Id. at 349, 71 S.Ct. at 768.
Judge Simpson, speaking for this Court in Simmons, noted that Simmons’ complaint was “an effort to enlist a federal court in a campaign to achieve a more faithful application” of the Georgia statute in a single county. Johns-Manville has attempted exactly the same thing here. The remedy should be that adopted in Simmons:
We must assume that the Georgia court system is capable of enforcing Section 59 — 106 of the Georgia Code. As a matter of comity, the district court should have afforded the Georgia courts the opportunity to rectify alleged deviations from the requirements of Georgia law regarding the selection of traverse jurors in Long County. Sound principles of federalism dictate this result.
Simmons v. Jones, supra, 478 F.2d at 328.
We have spoken with disfavor in the past about a plaintiff attempting to
bring about that unseemly conflict between two sovereignties which the doctrines of comity and abstention are designed to avoid.
Glen Oaks Util., Inc. v. City of Houston, 5 Cir. 1960, 280 F.2d 330, 334. In such a situation, we have not hesitated to order abstention. Id. See Huffman v. Pursue Ltd., supra, - U.S. at -, 95 S.Ct. 1200; Romero v. Coldwell, 5 Cir. 1972, 455 F.2d 1163; Barrett v. Atlantic Richfield Co., 5 Cir. 1971, 444 F.2d 38.

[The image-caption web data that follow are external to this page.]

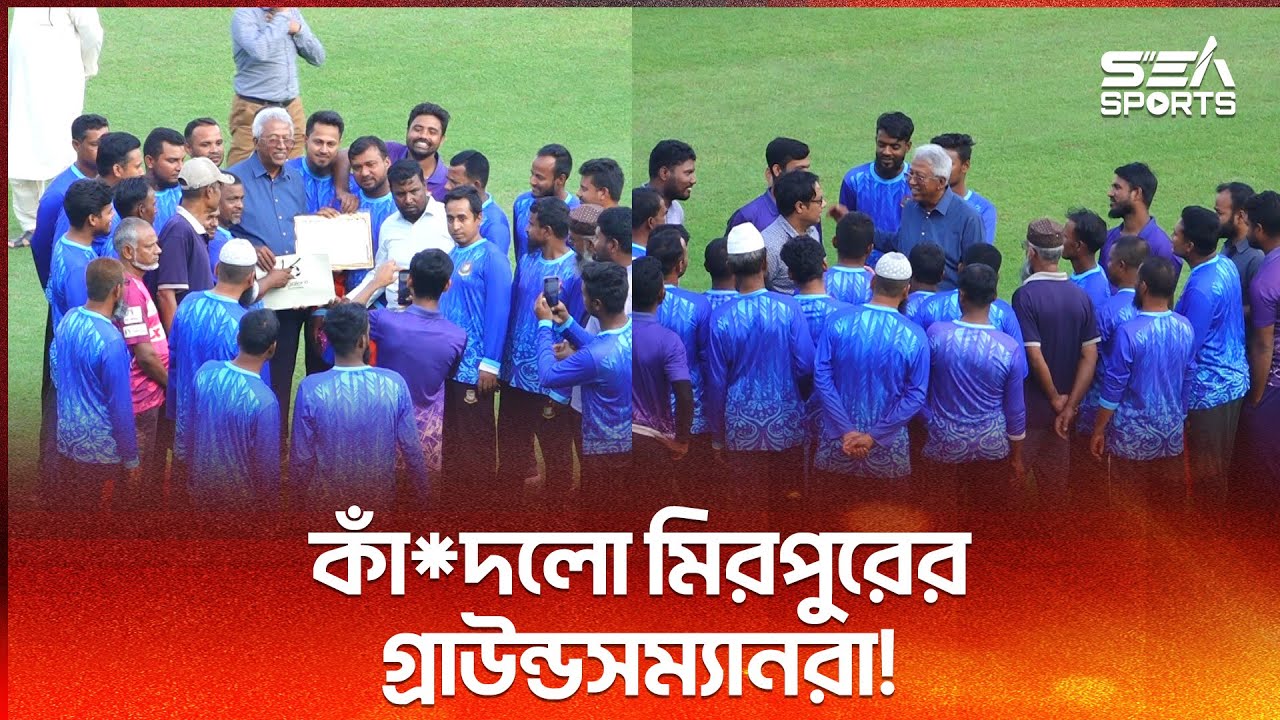 কাঁ*দলো মিরপুরের গ্রাউন্ডসম্যানরা! l Gamini Silva | Mirpur Stadium | Bangladesh Cricket | Sea Sports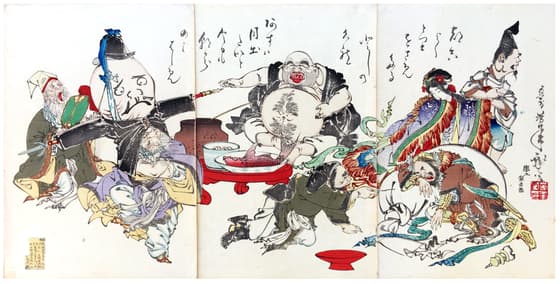 七福神、月岡芳年（1882年）
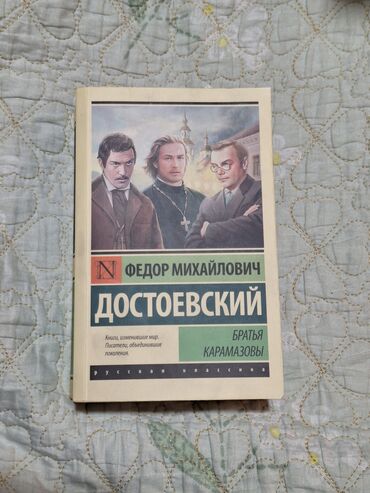 книга кыргыз адабияты 6 класс мусаев усоналиев: Детектив, Орус тилинде, Колдонулган, Өзү алып кетүү, Акылуу жеткирүү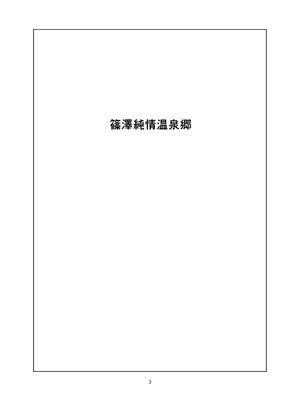 [イマソリドンダイ (あすぜむ)] 篠澤純情温泉郷 (学園アイドルマスター) [白杨汉化组] [DL版]_03_fgdb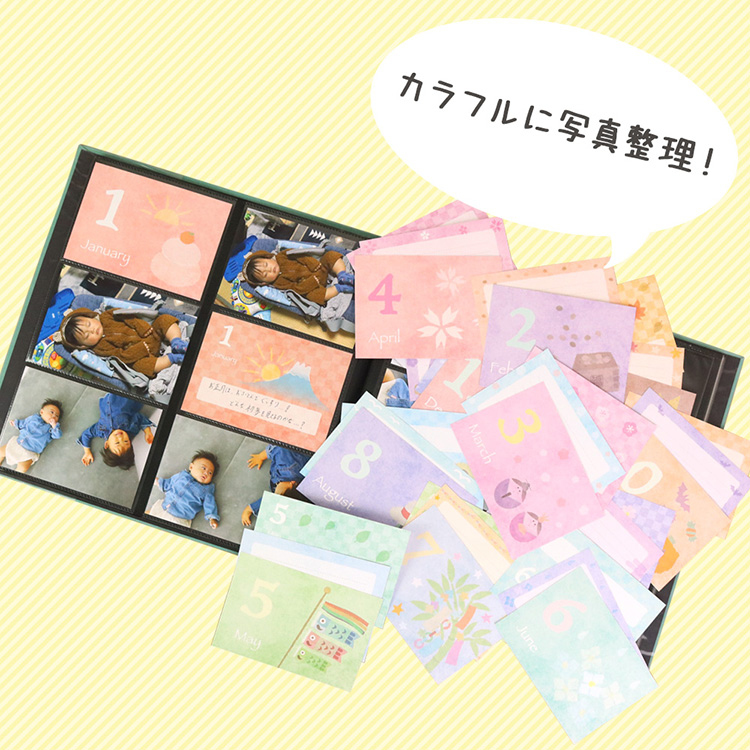 【WEB限定品】アルバム マンスリー デザインポケットカード Lサイズ/04 36枚 IT-DPCM-L-04【ポスト投函1】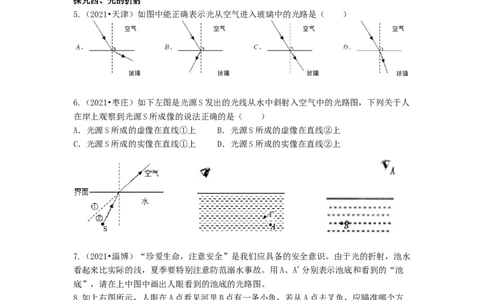 第四章光现象单元复习学历案人教版八年级物理上册_初物_八年级上下册+九年级全一册物理_八年级物理上册_老课标资料_老课件教案（不推荐）_课件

The same principles should operate here. The district court abstained on the ground that if the company’s contention is correct that the administrative decision was erroneous under Louisiana law, then “a decision on the constitutional question will be rendered unnecessary.” I am firmly convinced that the district court is correct. If we are to emphasize rather than to undermine the concept of federalism this is a classic case for the application of the abstention doctrine. I would affirm.